Jerry Farber - The student as nigger
Robert Brustein - The Case for Professionalism

How to be a successful student:
1. Write what they want, not what you think. - That was thanks to philosophy
2. The amount of time that I spend on a paper and how well it is researched doesn’t matter.  The professor who marks it matters.  - this was thanks to Canadian studies
3. There are some classes that you just don’t have to do the reading for.  So don’t.  I typically work hard on 2 classes.  The other three I study before the exams.  I guess the thing is make sure that the work you do counts, and if it doesn’t don’t do it.  

What I have learned about how I am taught the most successfully. Ie. how I have learned the most.  

Type 1:
The first type of teacher presents knowledge that I must know.

Type 2:
The second type of teacher finds out where I am at with my thinking and helps me progress to different stages.  

Obviously I think the second kind is better.  The system is even setup to allow for this to happen.  The teachers have been through what I am going through.  Teachers are essentially old students (or they should be).  The distinction between the two is much the same as between an extrovert and an introvert.  An extrovert explains all the steps to get to a conclusion.  The introvert thinks through the process and describes just the conclusion.  Just the conclusion won’t help me to figure out how things work, but the process will.  

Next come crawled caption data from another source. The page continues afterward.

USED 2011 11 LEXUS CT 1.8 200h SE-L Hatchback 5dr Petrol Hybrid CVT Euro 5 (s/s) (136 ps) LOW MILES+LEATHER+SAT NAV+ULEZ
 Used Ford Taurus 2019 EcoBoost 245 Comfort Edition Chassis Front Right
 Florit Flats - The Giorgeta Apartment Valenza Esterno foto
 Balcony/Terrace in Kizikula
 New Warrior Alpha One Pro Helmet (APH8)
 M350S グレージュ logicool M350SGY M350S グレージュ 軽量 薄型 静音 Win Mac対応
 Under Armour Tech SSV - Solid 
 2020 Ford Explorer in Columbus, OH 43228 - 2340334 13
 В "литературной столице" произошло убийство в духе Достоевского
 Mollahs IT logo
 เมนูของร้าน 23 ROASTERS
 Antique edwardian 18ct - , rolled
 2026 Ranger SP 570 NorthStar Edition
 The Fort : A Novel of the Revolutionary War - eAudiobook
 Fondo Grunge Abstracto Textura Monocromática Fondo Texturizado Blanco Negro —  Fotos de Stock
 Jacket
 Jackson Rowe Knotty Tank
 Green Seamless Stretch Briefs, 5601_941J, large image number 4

Another little rant is that I think smart people shouldn’t be teachers; really stupid people should be teachers.  I think this because the really stupid people have to struggle with a concept and once they get it will be able to explain it in so many more ways because they had to go through a longer process to get it.  I am better than my sister at math and I tried to explain it to her and I couldn’t understand how come she couldn’t get it.  It was so clear to me.  If the person explaining it has gone through the fog and seen the light so to speak then he are in a much


Brustein has a worry that the “university is in danger of becoming the instrument of community hopes and aspirations rather than the repository of an already achieved culture.”  I think this is a real danger and I hope it comes to fruition.  I think a university, like a government, arises out of the people and should be for the benefit of the people.  It is only people who enjoy the distinction and respect that comes from being separate from the community that argue for “professionalism.”  This doesn’t mean that experts are non-existent, it just means that we should drop the positions of power and recognize knowledge for what it is.  Climate change is being documented in the North because of the Inuit hunter’s connection to the land and understanding of the ice.  This knowledge is more useful than satellite images.  So who is the expert?  Research and learning is about knowledge creation.  Knowledge has no value if it isn’t shared.  This supports the idea that knowledge is subjective.  My knowledge can grow and in that way it is created and new in me.  But that is a bit of a digression.  

As one of my professors rants, this is the problem with the social sciences. Social scientists have become irrelevant because their work is just for a small community of academics (it is shared within a small community so it has a small value).  If it were expanded to benefit all of society then the social sciences would have a better public perception.  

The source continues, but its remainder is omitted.